Pentecost 7 Proper 11A July 19, 2020

Genesis 28:10-19a
Psalm 139:1-11, 22-23
Romans 8:12-25
Matthew 13:24-30, 36-43

In our first reading, from the Book of Genesis, Jacob is on the run. Last week, we read about how he manipulated his older brother Esau into selling his birthright for a bowl of stew. This means that Esau will no longer be the head of the family when their father, Isaac, dies, Nor will Esau receive a double portion of the inheritance, which usually goes to the older son. Jacob has robbed his older brother of his birthright.

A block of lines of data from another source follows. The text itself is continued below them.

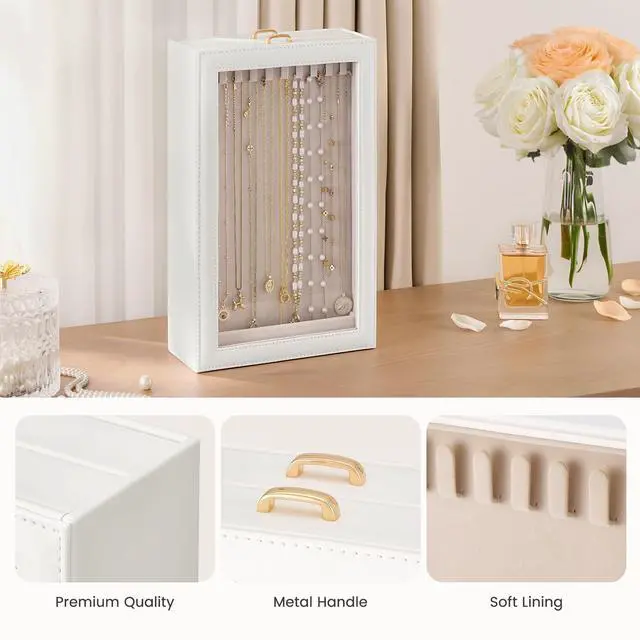 Alt view image 4 of 7 - Necklace Organizer Box, Jewelry Storage Box with Clear Window for Necklaces Bracelets, Tangle-Free Necklace Display Case for Women Girls, White, 2 Layers 20 Hooks
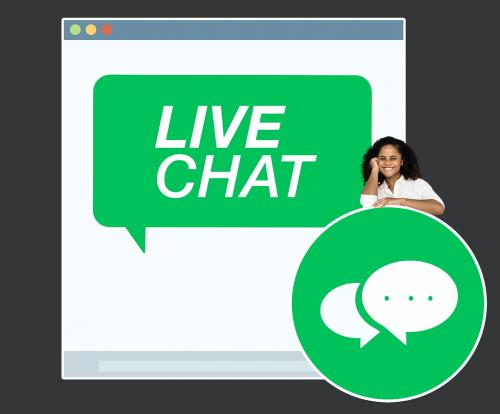 Woman showing a live chat board - 475248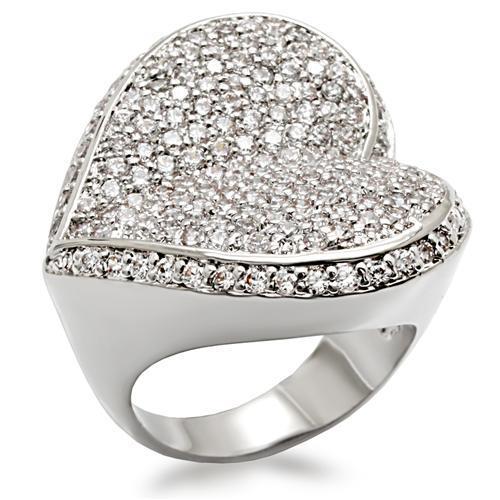 LO1492 - Rhodium Brass Ring with AAA Grade CZ in Clear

Meanwhile their father, Isaac, who is now blind, has realized that he will die soon. He wants to give Esau his blessing. He tells Esau to go out and kill some game, bring it in, prepare it, serve it to his father and then Isaac will give Esau his blessing.

Rebekah has listened in on Isaac’s conversation with Esau. Because she loves Jacob more than Esau, she hatches a plan for Jacob to get Isaac’s blessing instead of Esau. She kills two kids and makes them into a savory stew. Then she dresses Jacob in Esau’s clothes and covers his hands and neck with the skins of the kids so that, he, who has smooth skin, will seem as hairy as his older brother. Jacob pretends that he is Esau, serves his father the savory stew, and gets Isaac’s blessing, which cannot be revoked.

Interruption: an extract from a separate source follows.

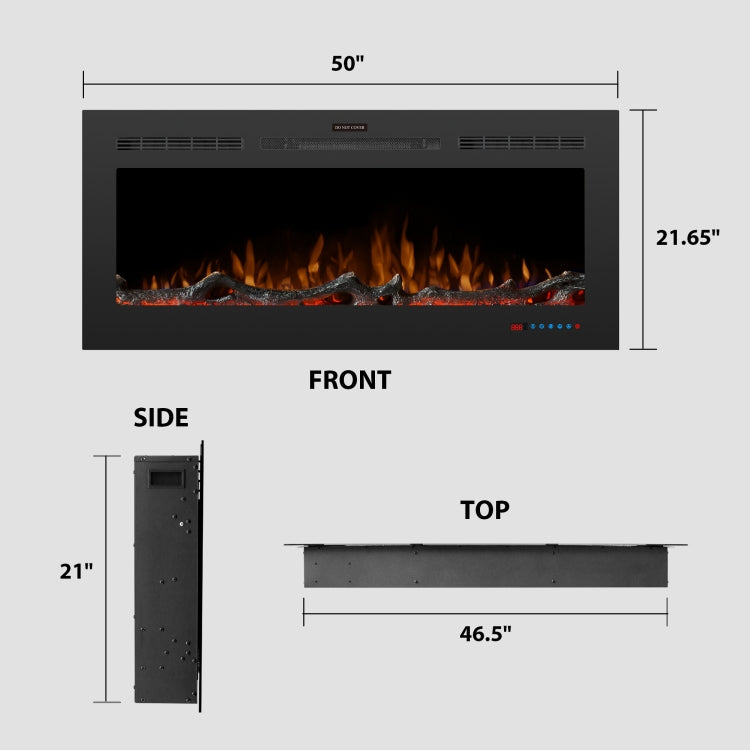 [UK Warehouse] 750W / 1500W 50 inch In Wall Electric Fireplace with Three Kinds LED Lights & 5 Levels Flame Adjustment & Remote Control & Timing Function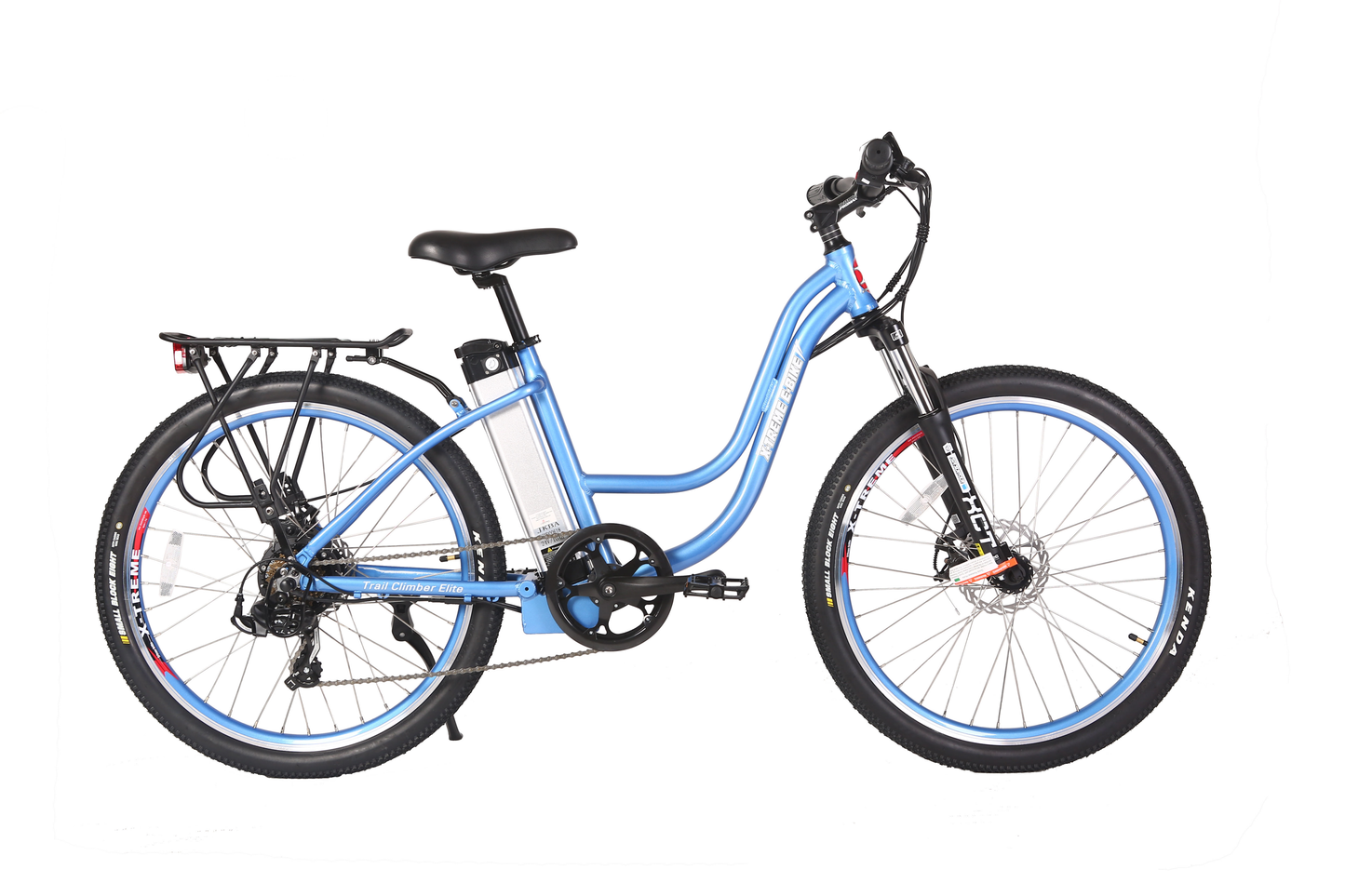 X-Treme Trail Climber Elite 24 Volt Electric Mountain Bike-Baby Blue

When Esau comes to see his father, offer Isaac his savory stew, and get his father’s blessing, he finds out what Jacob has done and vows to kill Jacob. Rebekah advises Jacob to go to their family in Haran, some 600 miles away in what is now Turkey.

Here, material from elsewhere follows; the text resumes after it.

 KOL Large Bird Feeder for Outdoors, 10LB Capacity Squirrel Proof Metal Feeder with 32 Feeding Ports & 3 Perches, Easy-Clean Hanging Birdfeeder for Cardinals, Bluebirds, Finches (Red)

Our reading takes place on the first night of Jacob’s journey. Jacob stops to rest. In Hebrew, Jacob’s name means “He supplants.” He has always thought of himself first, last, and always. He always wins. Now his older brother has vowed to find him and kill him.

Jacob takes a stone and uses it for a pillow, and he has the most amazing dream. There is a ladder between earth and heaven, and angels are going up and down the ladder which links heaven and earth. Herbert O’Driscoll says. “In some strange way, it is a dream of shalom, of unity, of connectedness.” (O’Driscoll, The Word Today Year A Volume 3, p.56.) This amazing vision is granted to Jacob, the cheat, the scoundrel.

And then God speaks to Jacob and renews the promise that God first made to Abraham. Jacob will have descendants as numerous as the dust of the earth. God says, “All the families of the earth shall be blessed in you and in your offspring.” And God tells Jacob that God will be with him always and will keep him wherever he goes and will bring him back home.

To his credit, Jacob, the cheat, who would rob his own brother of the birthright and the blessing, seems to realize what is happening. He knows that God has spoken to him. “Surely the Lord is in this place,” he says,”and I did not know it!” 

He actually is afraid. He senses at last that there is someone more powerful than he is. He sets up a monument to God and names the place Bethel—Beth—house, El, the first part of the word “Elohim,” which means Lord or God.  Bethel—house of God.

This story, which oscillates between the sublime and the soap opera, tells us some very important things. God does not always choose perfect people to do God’s work. God often chooses frail, fallible, flawed humans to receive huge blessings and carry out important missions. Most of us are only too profoundly aware of our weaknesses and imperfections. The story of Jacob’s encounter with God assures us that we can help God build God’s shalom, too. Last Sunday we noted that great bumper sticker—“Be patient, God isn’t finished with me yet.” God is definitely not finished with Jacob. Thanks be to God, who has finally gotten through to Jacob, at least to some extent.

Our gospel for today is the famous story of the wheat and the weeds, in earlier translations called the tares. The point of this parable is that there are good and bad things happening in our world. In Matthew’s congregation, scholars tell us, there were some people who took their faith very seriously and lived their faith, and there were others who were quite lukewarm followers of Jesus. There may have been some folks who wanted to throw those nominal followers out. But the message is, let God be the judge.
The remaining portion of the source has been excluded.